WHAT THE TASK ASKS
Nothing but the lines from the one containing "S3599 Hippie Submarine" through the end of the data should be retyped, exactly as they stand, and pictures should not be retyped.

Start of GIVEN RECORDS

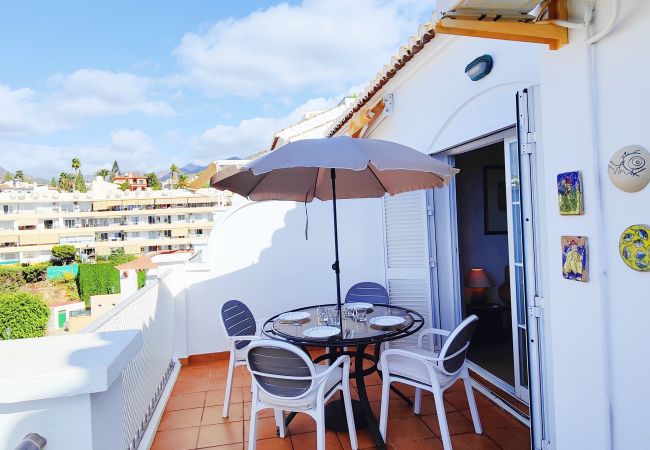 Apartment in Nerja - AP389 - PUEBLO MEDITERRANEO  Apartment in Nerja - AP389 - PUEBLO MEDITERRANEO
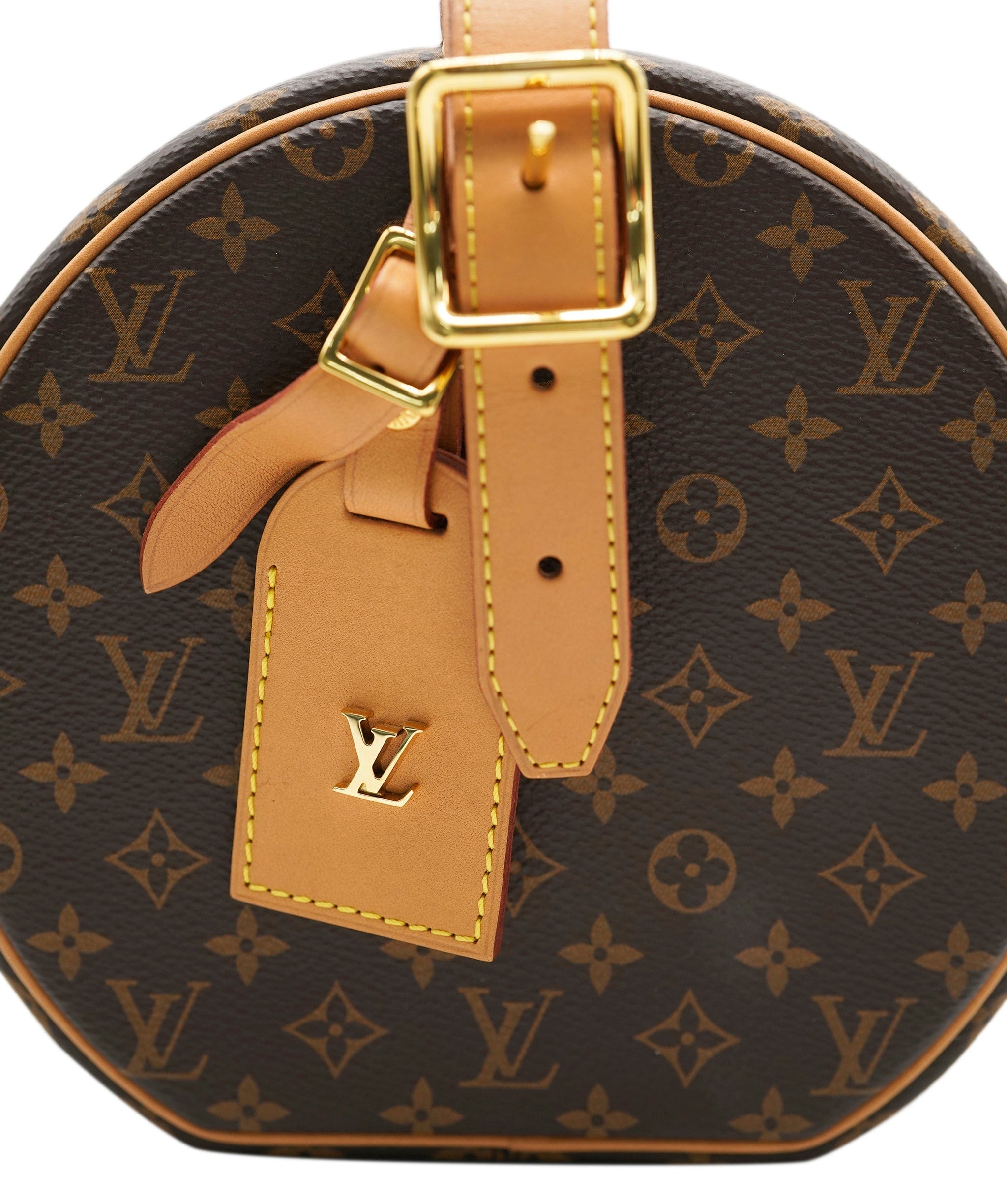 Louis Vuitton Louis Vuitton Boite Chapeau AGC1644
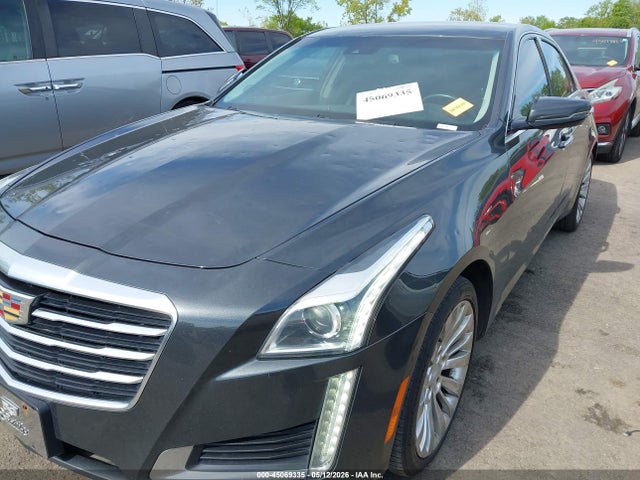 Cadillac CTS Luxury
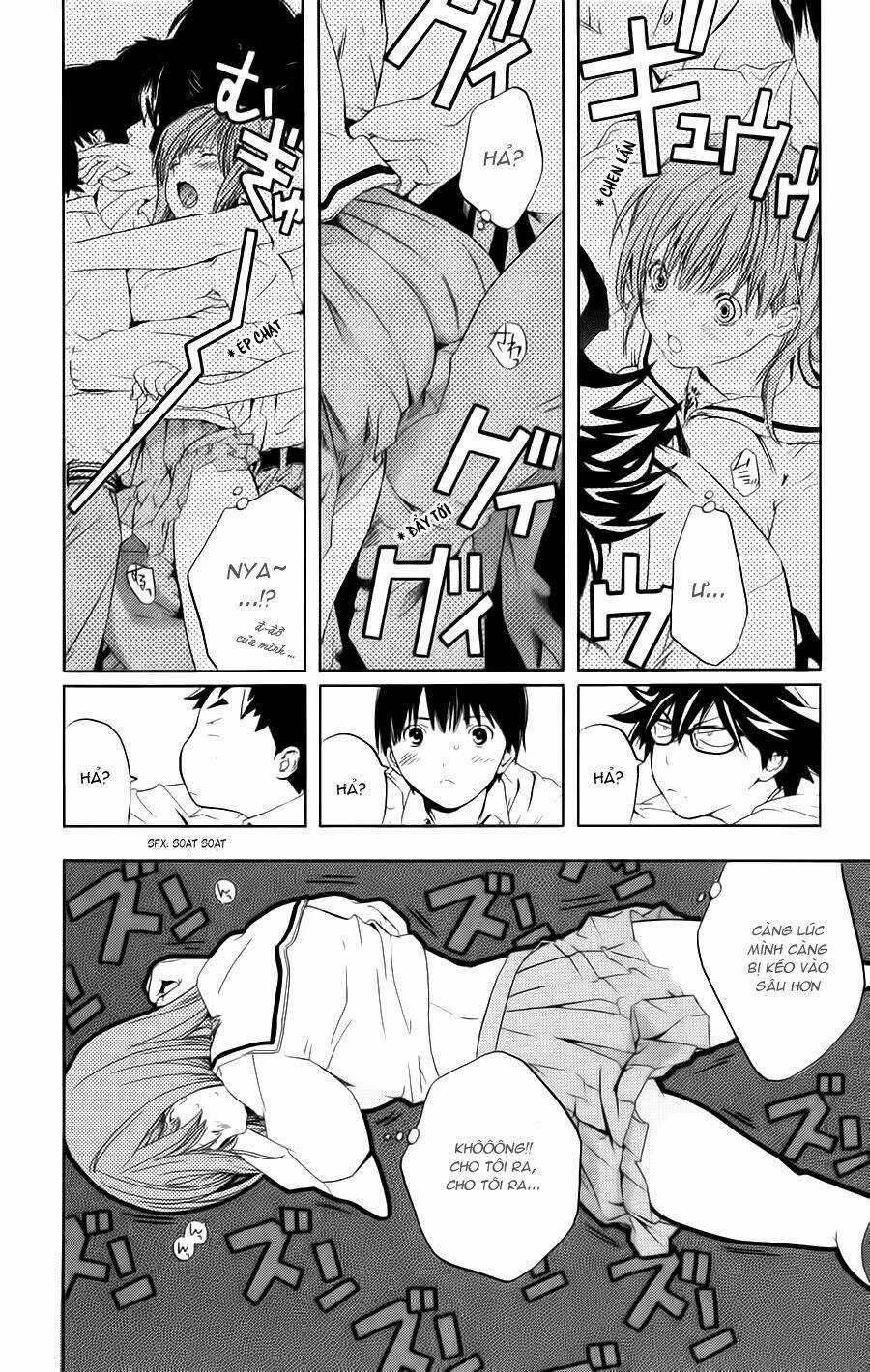 Hatsukoi Limited - Chapter 17.5 - Trang 6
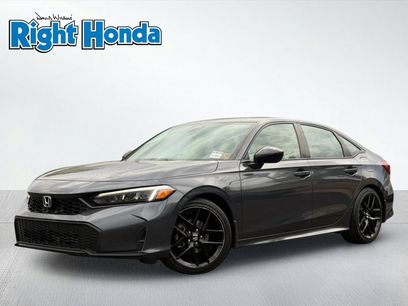 Used 2025 Honda Civic Sport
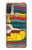 S3599 Hippie Submarine Case For Motorola Moto E20,E30,E40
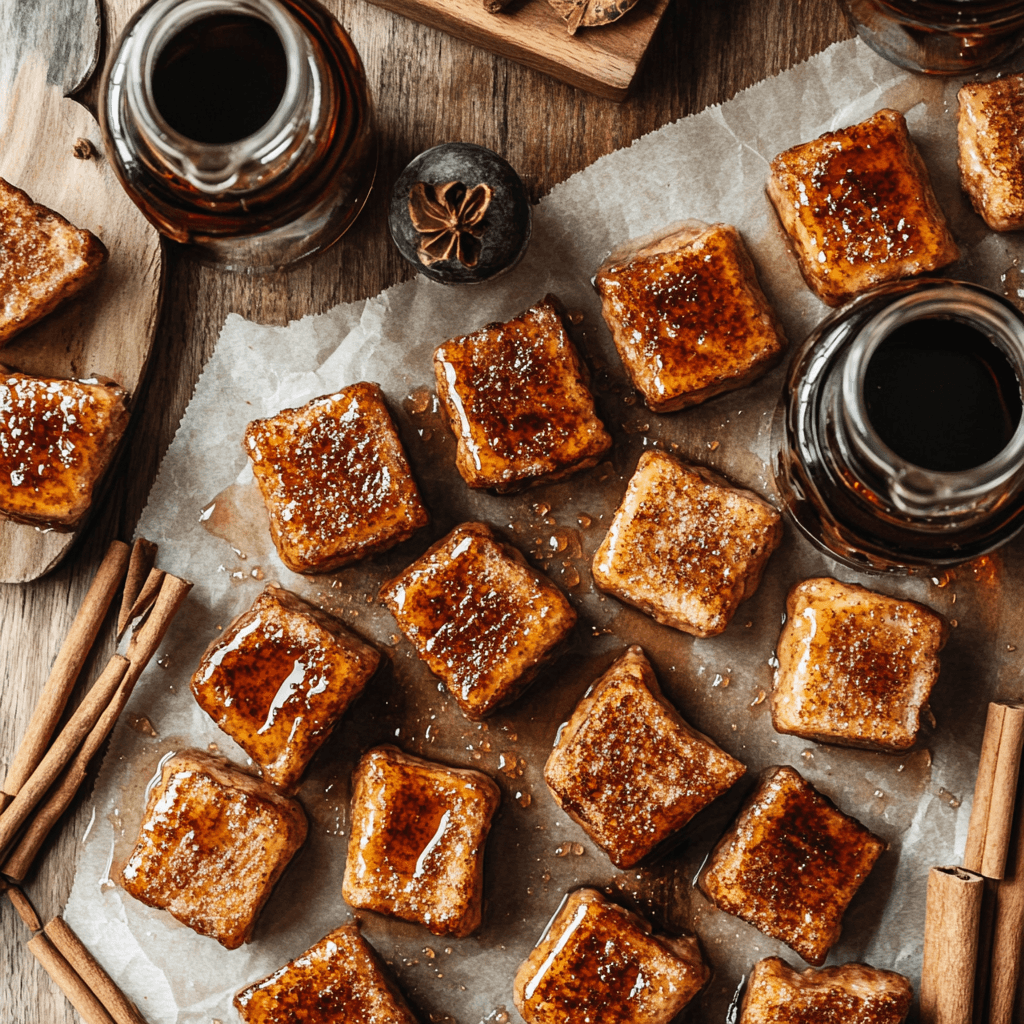 French Toast Shot Recipe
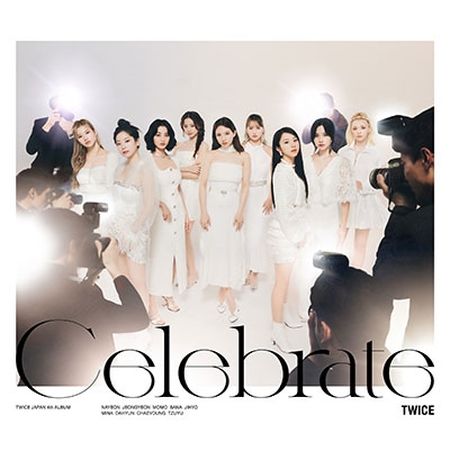 Celebrate(日本進口初回限定B盤)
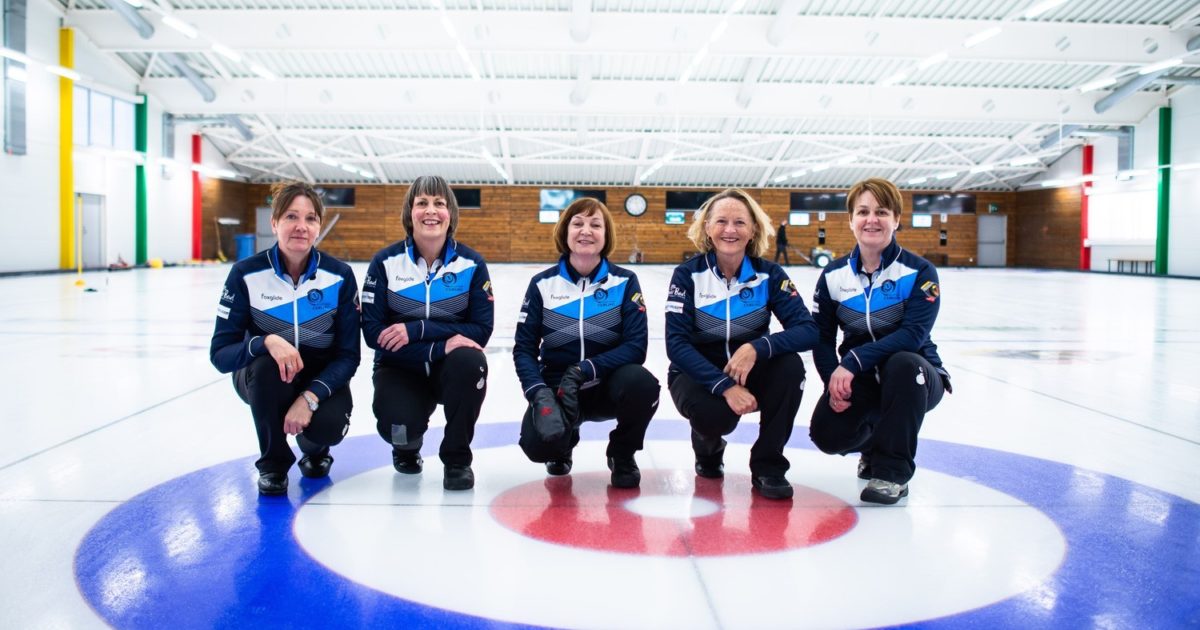 OpenGraph Image for Scotland leave 2022 World Women’s Senior Curling Championships with bronze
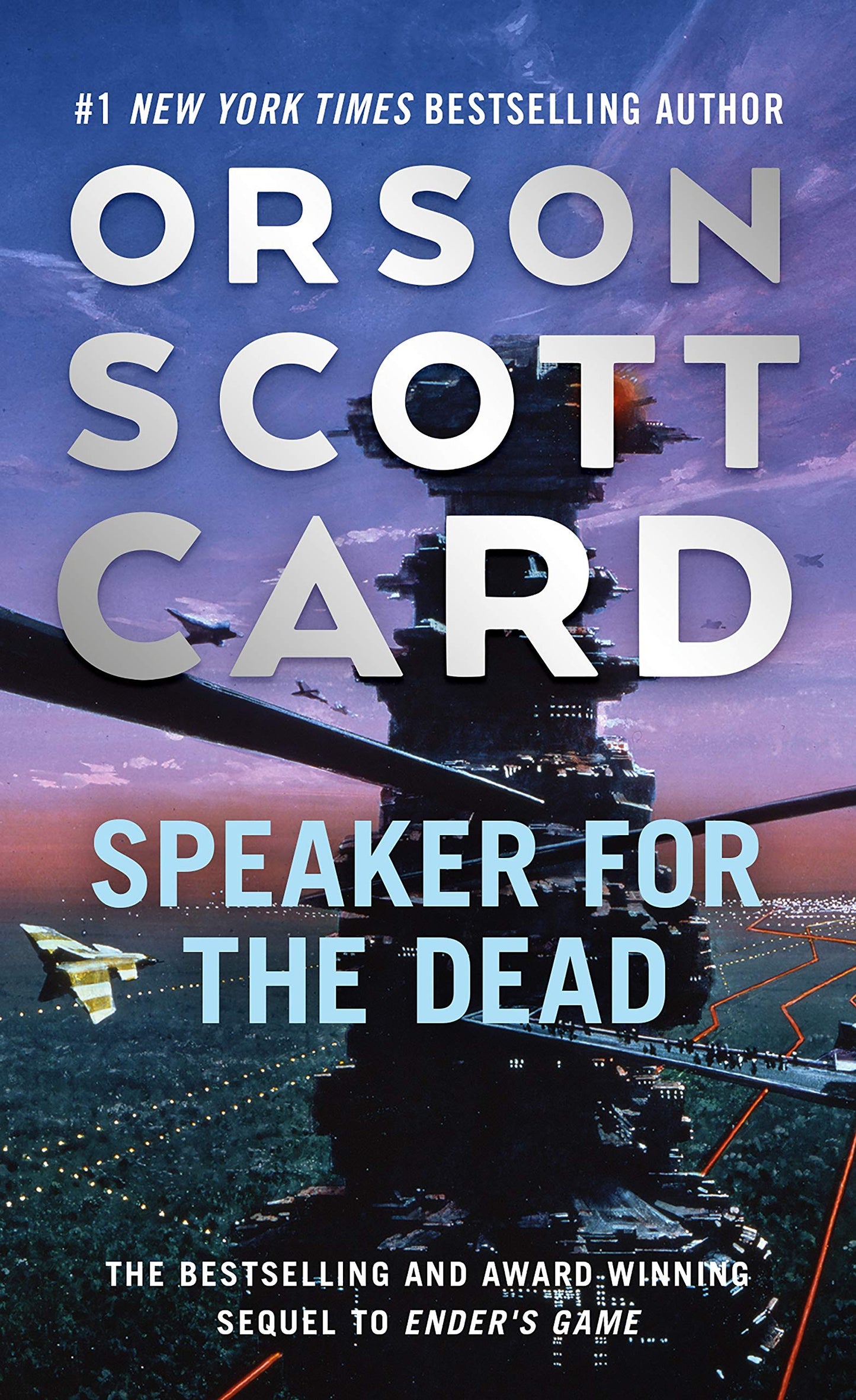 Speaker for the Dead (The Ender Saga, 2)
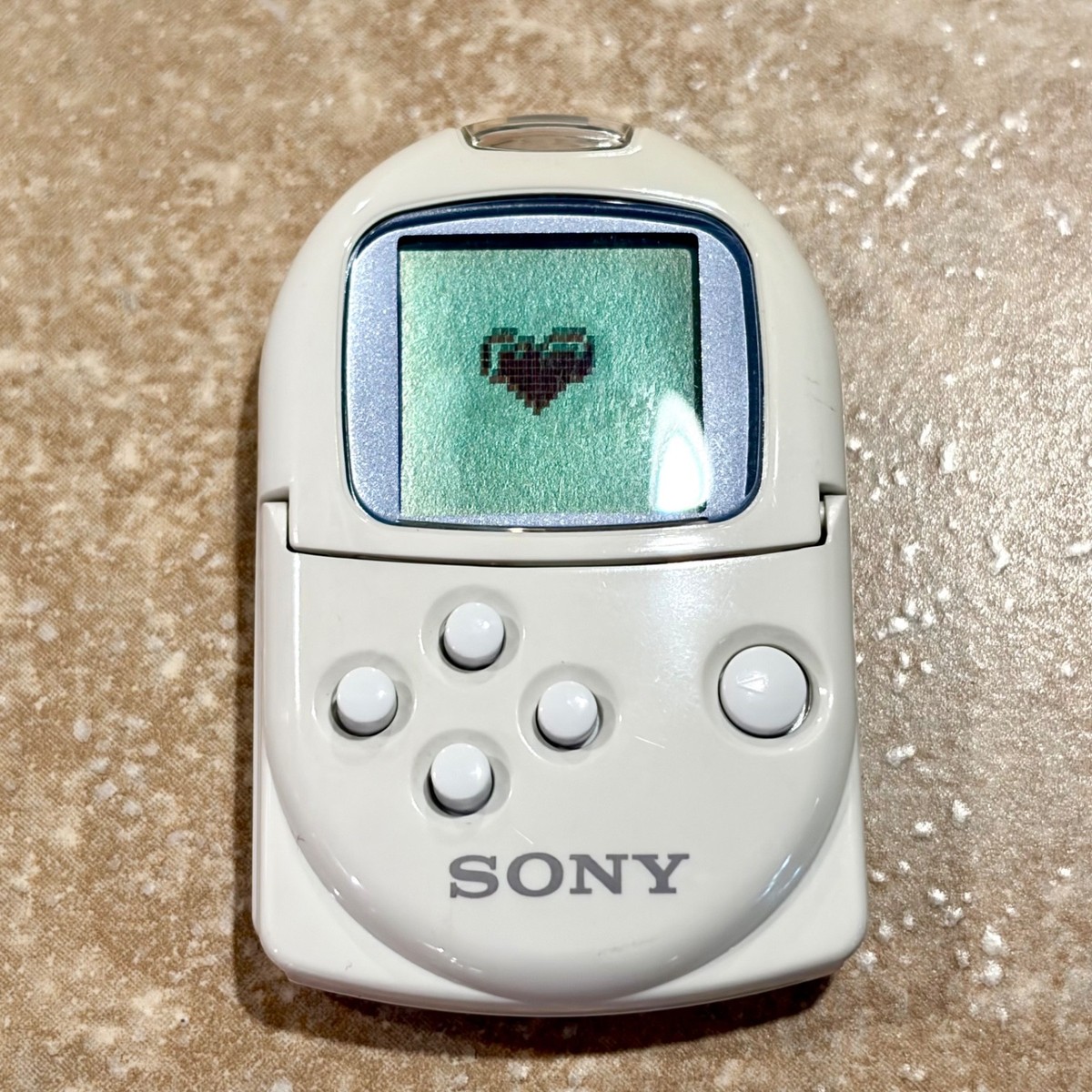 SONY PocketStation ホワイト Sony PocketStation Mini Console - White for sale online | eBay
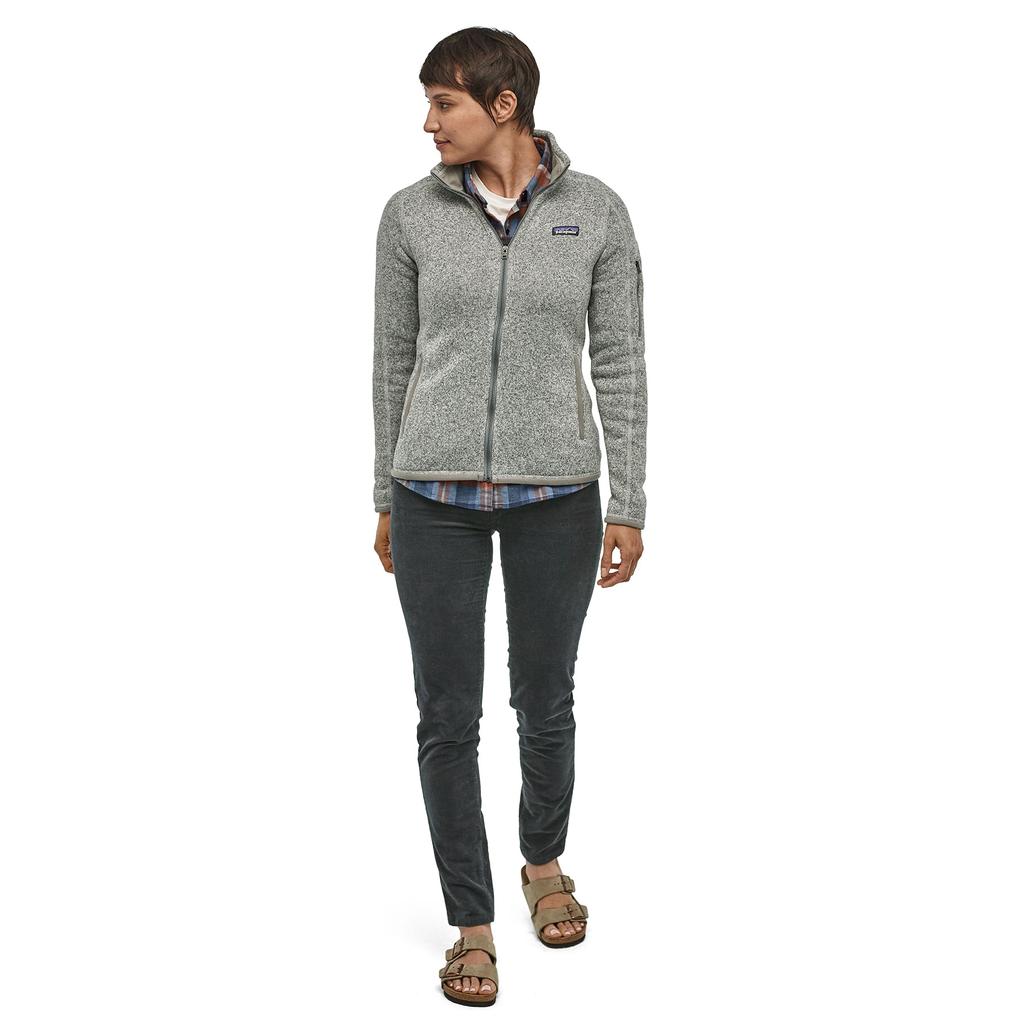 Patagonia Patagonia Better Sweater Full-Zip Fleece Jacket - Women's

End of GIVEN RECORDS

ANSWER TO THE PROBLEM
 S3599 Hippie Submarine Case For Motorola Moto E20,E30,E40
 French Toast Shot Recipe
 Celebrate(日本進口初回限定B盤)
 OpenGraph Image for Scotland leave 2022 World Women’s Senior Curling Championships with bronze
 Speaker for the Dead (The Ender Saga, 2)
 SONY PocketStation ホワイト Sony PocketStation Mini Console - White for sale online | eBay
 Patagonia Patagonia Better Sweater Full-Zip Fleece Jacket - Women's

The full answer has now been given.